Looking at Thursday's price action with volume data one could more easily conclude that volume follows price. For example, when price finally broke below the line in which it traded for most of the day, volume increased. Volume was timid and indecisive until price signaled its direction out of the line.
After all, are we to believe that bulk of the volume trade during the 15:25 EDT bar (based on Ninjatrader's time stamp) occurred prior to the price break, and price dropped in response to that increase in volume? Or did price break, and volume swelled as price continued to move down from the now broken support?
In the end, the real question is how do you trade it? See my charts attached here: If I were not already in a short position, I would have traded that break with a sell stop at 896 and a stop loss at 899.25. I would have had a profit target somewhere just above 891.25 support. Anyone, including my nine year old daughter, can
look at the chart,
read my explanation as to how I would have traded that break, and
duplicate it in the future. This is emphatically
not the case with the contributions made by you and your friends to this thread.
I've attached my charts - one with volume one without. If one looks at the volume bars, it seems to me that volume follows price, and not the other way around. Volume, in addition to simple number of contracts, represents the level of activity by people. The history of the world shows that people are many followers and few leaders. People are always looking for someone or something to follow.
As I said before, anyone can put "I sold here" and "I covered here" on a dead chart 72 hours after the closing bell and look, or I should say,
try to look like a genius.
This is not to say that there cannot be usefulness in such annotations on a dead chart,
so long as explanations are clear, and all relevant and necessary information is provided.
However, yet again, here is another proponent of a view, to wit, the view that "volume leads price, always," who claims to have made a wonderfully profitable trade, selling at almost the HOD and covering at the LOD, but without any explanation of 1) why he entered, 2) at what price he entered, 3) was entry a market, limit, or stop order and why?
I do believe that it is possible to sell the HOD and buy the LOD occasionally.

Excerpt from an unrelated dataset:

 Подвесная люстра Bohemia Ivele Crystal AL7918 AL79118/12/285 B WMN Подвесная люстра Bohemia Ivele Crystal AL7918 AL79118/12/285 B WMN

But to make such claims and not detail how the feat was accomplished has a bad odor to it. Many folks on July 2 no doubt sold market on open, and their doing so had nothing whatsoever to do with any thing other than that price itself was pointing to lower prices. But that is not given as the reason in your post or that of your friends. I am not even doubting you and your friends made the trade. But no one here could look at what you did and duplicate the trade in the future on the basis upon which you claim to have made it, because there has been no basis given.
I really do not believe I am being unreasonable. If you folks are for real, then why not share the minimum required for intelligent and respectful human communication?
I participate here at TL because it has always seemed, for the most part, like a forum of seriously interested folks, with very little of the guru speak and fraud that one sees over at other forums, most notoriously notable, ET. I have apparently stirred the nest and we have attracted the the attention of the minions of a few gurus who have a near cult-like following (see how many who have rushed to defend the manifesto are new to TL, and who have a mere handful or even fewer posts here). In the interest of preserving the character of TL, and hoping that this contagion maybe contained, rather than spread throughout the forum, I will no longer participate in this thread.
And I reiterate: People are always looking for someone or something to follow.